Snapchat Story Ads - https://forbusiness.snapchat.com/blog/introducing-story-ads-a-new-way-to-showcase-your-brand-or-product-in-discover/
“With one tap, Snapchatters can jump into a collection of 3-20 Snaps and dive deeper into your new fashion collection, movie release, suite of products, and more.”

Main Topic:
Ad Agencies - Help businesses execute marketing strategies and they range from full service to boutique. Think of them as an extension to your marketing department, which differs from contractors because they have support systems in place.

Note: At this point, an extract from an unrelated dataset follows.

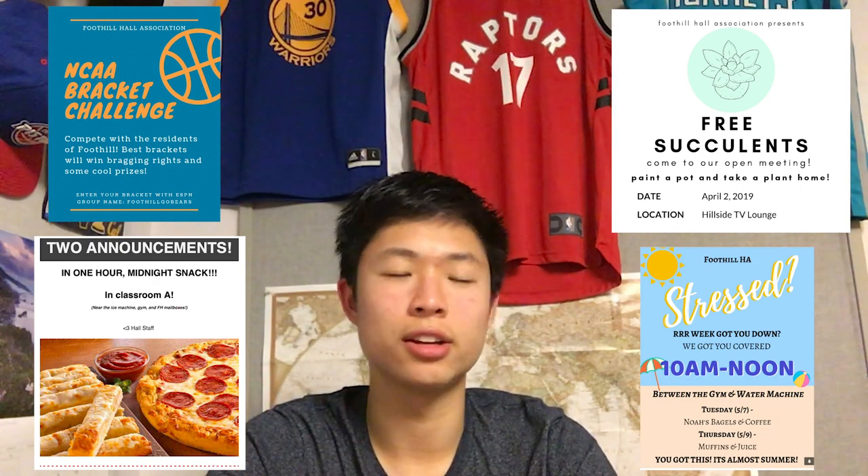Foothill Hall Association throws the most events out of all the dorms. I feel like Foothill is best suited for students in computer science, engineering, or the College of Chemistry, just because it's close to those classes. If you're planning to major in those subjects, Foothill is a good choice for the short walk to class. If not, you can still live here, but expect a longer commute to your classes.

Full-Service, Creative vs. Consultant vs. Media Buying vs. Smaller Specialities (Social Media, PR, etc.)

Pros: They help reduce cost because you get the benefit of their expertise without needing to hire. Additionally, they provide an infrastructure for those that do not want to manage a piecemeal team. It’s a benefit for smaller companies until you’re large enough to make your own worth it (Disney). For example, Universal uses multiple agencies for different campaigns.

Advice:
Try to avoid lengthy contracts. Agencies try to get you to sign a longer contract, but try to take it project by project.
Costly retainers. Retainers can be high, and be aware that an agency has many clients; they’re not always working on your attraction.
Some will charge an hourly wage and others charge a fee on top of the spend. Example, for $10,000 spent on Google ads, they will take 10% added on top. The agency manages the ads so you don’t have to worry.
Craft your RFP and outline exactly what you need.
What’s campaign distribution?
What specifically do you need?
Sit down with at least 5-10 agencies; treat this like hiring employees (both in terms of testing and in terms of cultural fit).
It’s OK to wait if you don't find a good fit.

There are three broad functions to cover: Media Buy/Placement, Campaign Strategy, and Creative.